Его последние записки:
«Маме - моей привет! Как живет, как чувствует себя мама - моя? Передают, что ты здорова и бодра. Правда это? Если это правда, то я бесконечно рад этому. Наш род, видимо, крепкий род.
Я здоров. Мои дети тоже чувствуют себя хорошо. Желаю здоровья, живи долгие годы, мама - моя. Твой Coco.
10. III.37 г.»
«Маме - моей - привет! Присылаю тебе шаль, жакетку и лекарства. Лекарства сперва покажи врачу, а потом прими их, потому что дозировку лекарства должен определять врач. Живи тысячу лет, мама - моя! Я здоров. Твой сын Coco. Дети кланяются тебе».
Кеке Джугашвили умерла летом 1937 года. Сын на ее похороны так и не приехал, хотя его ждали. Вместо Иосифа в Тифлисе появился нарком обороны Климент Ворошилов.
Впрочем, может, в этом и была сталинская логика по отношению к матери. Вместо дома - комната во Дворце, вместо сына на прощании - нарком обороны, вместо семейных похорон - пышная церемония на государственном уровне.
Великий грузинский актер Рамаз Чхиквадзе рассказывал:
- Мне тогда лет девять было. После того, как Сталин стал первым человеком в СССР, его мать из Гори, где он родился, перевезли в Тбилиси и поселили в бывшем Дворце царского наместника на Кавказе. У нее была маленькая квартирка в этом Дворце.
Кстати, женщина очень переживала, что сын так далеко от нее и даже выговаривала предводителю грузинских коммунистов Махарадзе: «Вот как ты хорошо устроился, а неужели моему Сосо не нашлось бы места в Тбилиси?»
Когда Кеке умерла, то местное начальство ожидало, что на похороны приедет Сталин. Но ему в 37-м году было уже не до похорон матери. В результате хоронили Кеке офицеры НКВД.
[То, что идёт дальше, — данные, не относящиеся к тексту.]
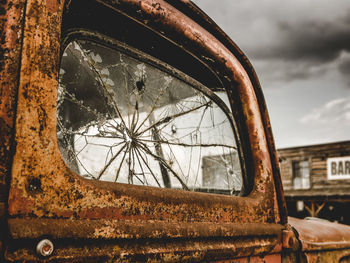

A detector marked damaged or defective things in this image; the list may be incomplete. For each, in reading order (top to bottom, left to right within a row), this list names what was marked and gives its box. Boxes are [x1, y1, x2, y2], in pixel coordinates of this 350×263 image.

Я был совсем маленьким, но до сих пор слышу ровный топот офицерских сапог, поднимающихся на Мтацминду. Топ-топ-топ-топ.
Тема похорон матери неожиданно всплыла в жизни нашей семьи через несколько месяцев, когда мы всей семьей поехали во Мцхету. Для меня это была первая поездка за пределы Тбилиси.
У моего отца, он исполнял обязанности директора тбилисской консерватории, был служебный «Мерседес» -огромный черный лимузин. На подъезде ко Мцхете нам повстречалась арба, которую неожиданно обогнала военная машина с молодым офицером за рулем. Крестьянин, правивший арбой, не смог удержать лошадь, она резко сошла с дороги и в результате вся повозка перевернулась.